Bad to the bone, the ancient old-school vampire cares nothing about keeping the peace; staying at the top of the food chain is enough. What he wants from the town’s living and dead is unthinkably sinister. It’s only at a formal ball attended by vampires and their human dates that Claire realises Bishop’s plan—and the elaborately evil trap he’s set for the warm-blooded souls of Morganville…
Lord of Misrule by Rachel Caine (purchased)
In the college town of Morganville, vampires and humans coexist in (relatively) bloodless harmony. Then comes Bishop, a master vampire who threatens to abolish all order, revive the forces of the evil dead, and let chaos rule. But Bishop isn’t the only threat.
Violent black clouds promise a storm of devastating proportions. As student Claire Danvers and her friends prepare to defend Morganville against the elements—both natural and unnatural—the unexpected happens: Morganville’s vampires begin to vanish one by one. Discovering why leads Claire to one last choice: swear allegiance to Bishop… or die.
Women in Ancient Egypt by Barbara Watterson (purchased)
Women in Ancient Egypt is a detailed and fascinating study of the often overlooked contributions made by women of all classes to the political and social history of pharaonic Egypt, c. 3100 B.C. to 30 B.C. Using evidence gleaned from written records, monuments, sculpture, tomb-paintings and material found in tombs, including objects and human remains, the author has been able to build up an intriguing picture of the lives led by ancient Egyptian women throughout the pharaonic period.
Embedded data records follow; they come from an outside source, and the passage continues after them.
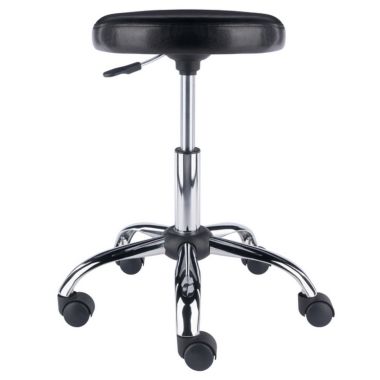 Clark Adjustable Cushion Seat Swivel Stool, Black and Chrome. View a larger version of this product image.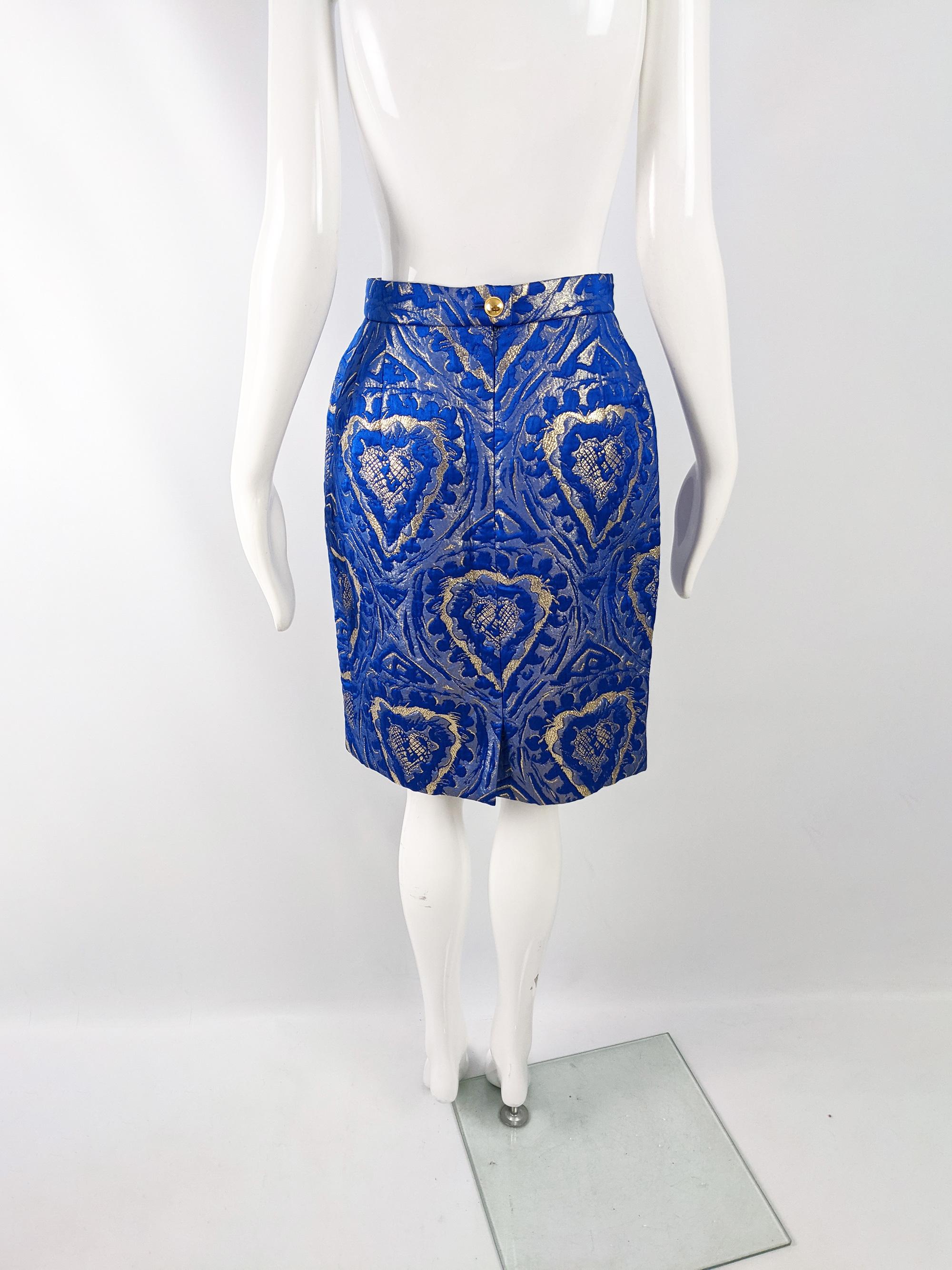 Women's Escada Vintage Love Heart Blue & Gold Brocade Party Skirt, 1980s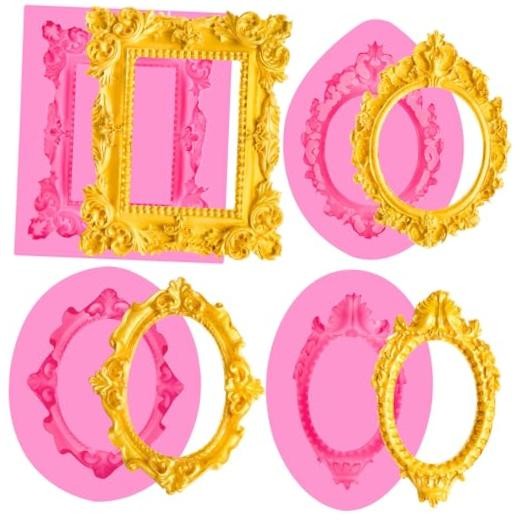 4PCS Baroque Frame Mold, Pictures and Mirrors Silicone Fondant Photo Frame
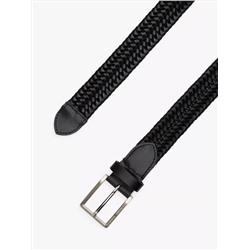 Square Buckle Woven Leather Belt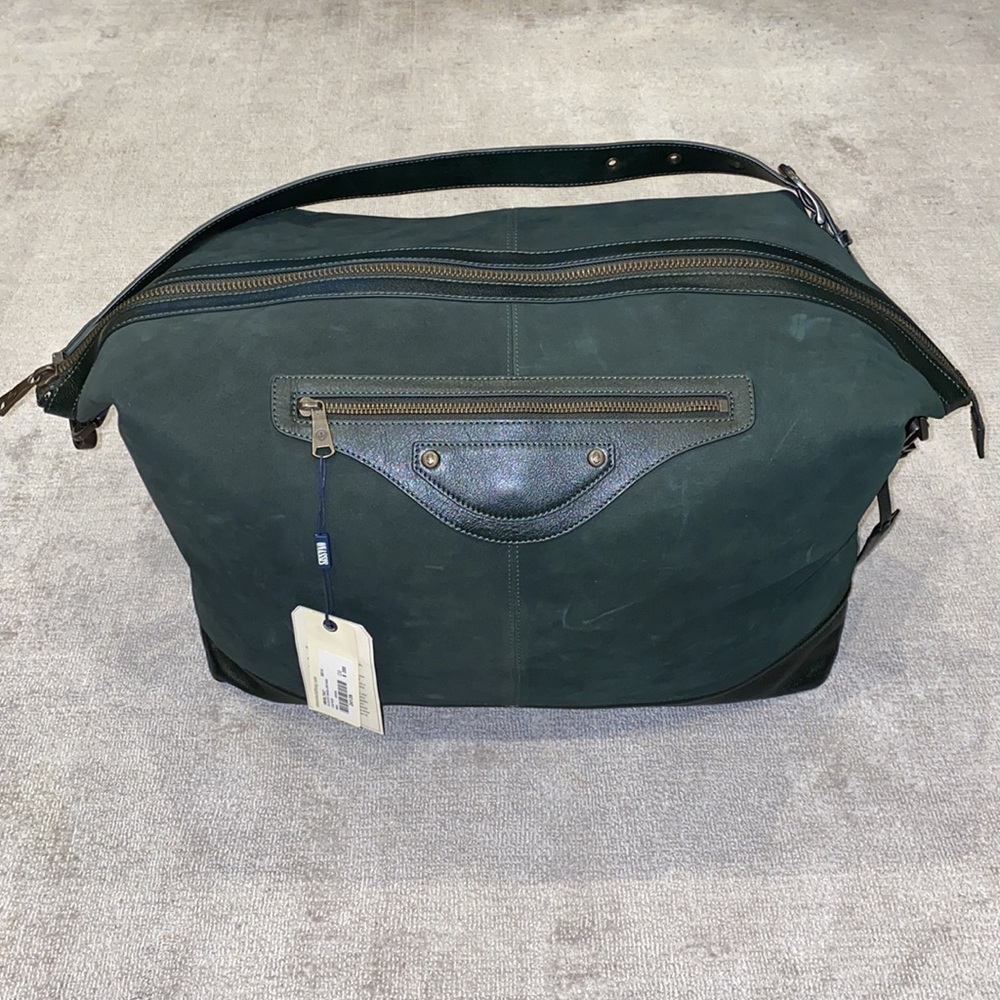 Onassis ONS nubuck suede leather weekender bag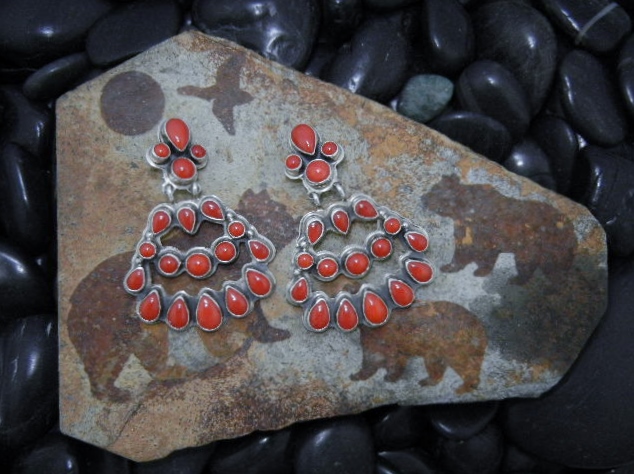 Navajo Coral Sterling Silver Geneve Appachito Earring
The types of occupations and careers open to women are described; as are their domestic and personal lives–marriage, health and childbirth; the family; household chores undertaken by women; and their clothing, jewellery and beauty preparations. The women whose lives are fleshed out in these pages are largely the “little people” of history, women who rarely exercised any power outside the home. In contrast, however, the final chapter deals with those women, surprisingly few in number, whose influence on the political affairs of their country was considerable and legendary.